U.K. agencies are not fully embracing social media, and could face poor revenue growth in the next decade as a result, according to a report by the Institute Practitioners in Advertising (IPA) and the Future Foundation.
The report, titled “Social Media Futures — The future of advertising and agencies in a networked society,” suggests the U.K. digital ad industry could experience growth of just 1.2 percent per year by 2016 if it fails to prepare adequately for a consumer-led digital media landscape.
As the popularity of social networks, blogs and viral media continues to grow, the consumer “will increasingly mediate messages between brands, themselves and other consumers, and could radically diminish the power and influence of the paid-for advertising industry,” the report claims.
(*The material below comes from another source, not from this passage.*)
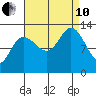 Nismeni Cove tide chart for Tuesday, September 10, 2024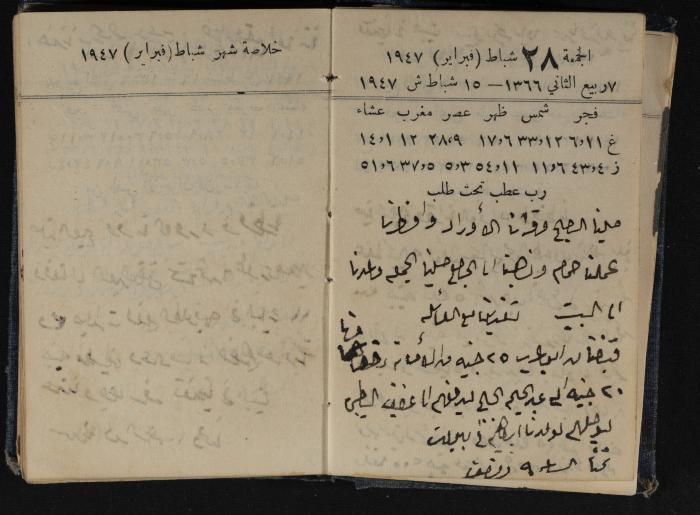 Abdel-Rahman al-Haj Ibrahim Diaries, Tulkarm, 1947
Of the 100 member agencies interviewed for the report, only a third were deemed “ready and waiting” for a scenario in which social media plays a lead role in brand communications. However, almost 95 percent of respondents agreed that more brand messages would be passed on informally from one person to another by 2016, and 90 percent agreed that some campaigns would be “built entirely on messages being passed from individual to individual.”
Although some advertisers remain reluctant to “hijack” consumer conversations via social media platforms, the IPA suggests that innovation and creativity will be key to enabling brand communications within this space. “Brands will have to earn the right to be in this space. Success will be measured by the degree to which a brand is allowed to blend in with the conversations that are going on, with or without it,” the report says.
Commenting on the organization’s findings, Moray MacLennan, IPA President and CEO of M&C Saatchi Worldwide, said, “Social media has been a phenomena for some time, but the industry is only beginning to come to terms with it as a medium. Its potential is undoubted, but the risks are equally clear.”